Our project has first an interest for the fundamental research aiming at increasing basic knowledge of pathophysiology of ALS, and specifically on the functional effects of the underlying neurodegenerative mechanisms. By testing the excitability of spinal interneurons in patients recently diagnosed, and by doing so for clinically uninvolved muscles, we will be able to evaluate whether an interneuron pathology could be involved in ALS. Our results will help to understand better the chain reactions in the neurodegenerative processes that dramatically evolve until the death of all motor neurons. Our project has also an interest for the development of therapeutic approaches for ALS. Indeed, our methods will help to determine specific electrophysiological biomarkers that will help to evaluate quantitatively spinal and corticospinal neural processes: their changes during the course of the disease (follow-up study), the effect of therapeutic agents and/or rehabilitation methods on their excitability, and their repercussions on motor neuron activity (evaluation of therapeutics). Lastly, our methods could be tested in other neuromuscular diseases to determine possible differences in spinal neural activity. Indeed, the motor dysfunction common to several neuromuscular diseases can make it difficult to make a definitive diagnosis. The development of specific biomarkers is crucial for an early diagnosis, and to evaluate the best treatment for the patients as rapidly as possible.

Study Overview

Status

Completed

Conditions

Intervention / Treatment

Detailed Description

Given the all-or-none properties of neuromuscular junctions, the electromyogram (EMG) reflects the activity of spinal motoneurons. These neurons are the last order neurons in all neural pathways involved in motor control. Modification of the afferent neural activity, whatever its level (spinal or supraspinal), will affect the excitability of spinal motoneurons and thus EMG activity. Combined with electrical and/or magnetic stimulation of peripheral nerve and/or cortical structures, it is possible to test indirectly the excitability of corticospinal and spinal reflex pathways involved in human motor control. One of the novelties is that we will investigate the interneurons that are activated by motor axons or afferents inputs from affected muscles (distal musculature: hand/wrist or foot/ankle muscles), which control clinically unaffected muscles (proximal musculature: elbow or knee muscles). This has a threefold interest i) functional exploration of clinically unaffected muscles that are never evaluated in ALS patients, ii) to better interpret the EMG signal and to better elucidate the pathophysiological mechanisms underlying the change in EMG activity, and iii) to determine if interneuron pathology manifests before detectable change in the motoneuron. The conditioned EMG and threshold tracking methods will be used to evaluate the excitability of spinal interneurons in ALS patients, as compared to sex and age-matched healthy subjects.

Study Type

Interventional

Enrollment (Actual)

101

Phase

  • Not Applicable

Contacts and Locations

This section provides the contact details for those conducting the study, and information on where this study is being conducted.

Study Locations

  • France
      • Paris, France, 75013
        • Hopital Pitie Salpetriere

Participation Criteria

Researchers look for people who fit a certain description, called eligibility criteria. Some examples of these criteria are a person's general health condition or prior treatments.

Eligibility Criteria

Ages Eligible for Study

30 years to 80 years (Adult, Older Adult)

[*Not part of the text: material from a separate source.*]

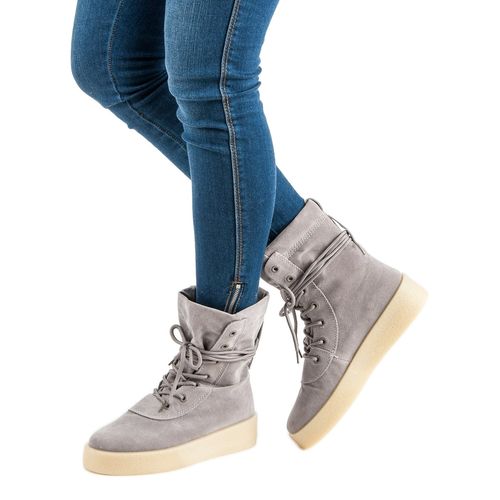 Sznurowane botki r.39 na Arena.pl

Accepts Healthy Volunteers

Yes

Description

Inclusion Criteria:

  • speaking french
  • signature of the written consent
  • patients with ALS and no other motor neuron disease (ALS group)
  • neurologically intact subjects (Control group)

Exclusion Criteria:

  • pregnancy
  • contraindication to TMS

Study Plan

This section provides details of the study plan, including how the study is designed and what the study is measuring.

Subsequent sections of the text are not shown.